Bu nedenle, bir dereceye kadar kendine güvenerek yürüyordu.
Gördüğü ilk kişi, kaşlarını kısa bir süreliğine kaldırmasına neden oldu.
“Bu o mu?” diye düşündü, bu kişinin kim olduğunu hatırlayarak.
Önünde, saray salonunun ortasında duran, kızıl saçlı ve kızıl gözlü genç bir adam vardı. Kare çeneli ve kalın kaşlı, olağanüstü yakışıklı biriydi.
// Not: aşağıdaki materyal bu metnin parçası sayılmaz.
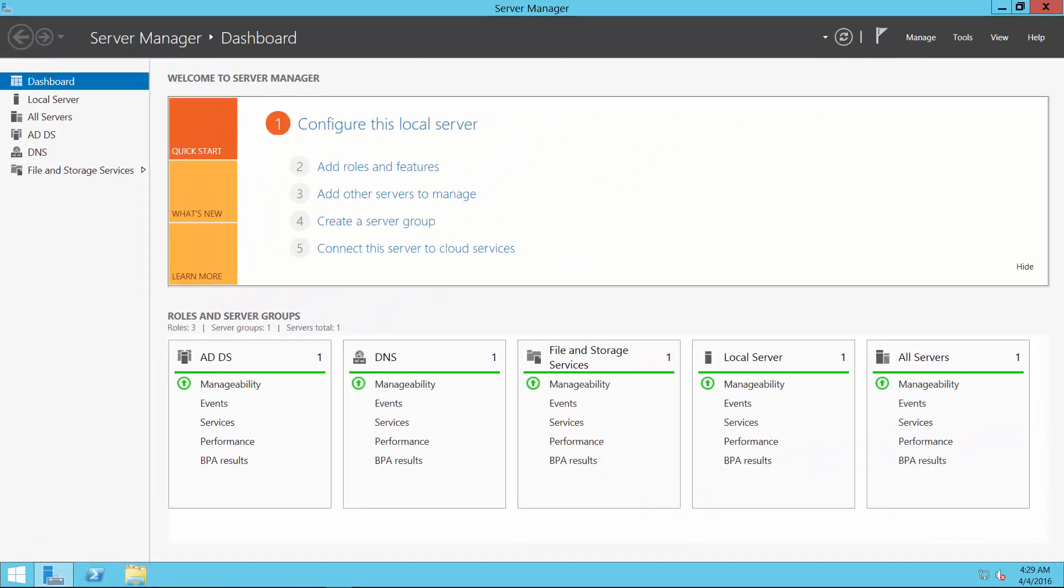Now make sure you watch the next video closely. It'll give you the details you need in order for the second server to be able to reach the first server, reach DNS, and thus become a second domain controller on our new Active Directory domain.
Formdaydı, kasları kızıl cüppesinin içinden bile belirgindi, ama Wei Si gibi iri yapılı değildi. Wei Wuyin’in fiziğine benziyordu, sadece boyu daha kısaydı. Wei Wuyin’den daha kısa olmasına rağmen, çoğu erkekten daha uzundu ve farklı bir boyda var olan heybetli bir aura yayıyordu.
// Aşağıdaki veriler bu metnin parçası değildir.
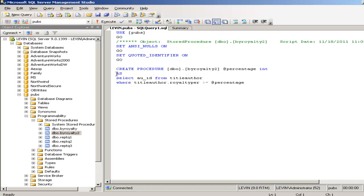And as you see, SELECT au_id, it only selects the author ID from the titleauthor where the title.royalty_per greater than @percentage. This @percentage is coming from the top, it's coming down. This will be passed as a parameter from the top to the down as you can see it.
Alnında, babası gibi, içine birkaç mücevher işlenmiş bir taç vardı ve ortasında güçlü bir kırmızı qi yayılan kırmızı bir mücevher bulunuyordu. Efsanelerdeki prens gibi, dik ve asil bir havası vardı.
Tek duraksama nedeni, kırmızı gözlerindeki ışık, insana biraz ürkütücü bir his veriyordu.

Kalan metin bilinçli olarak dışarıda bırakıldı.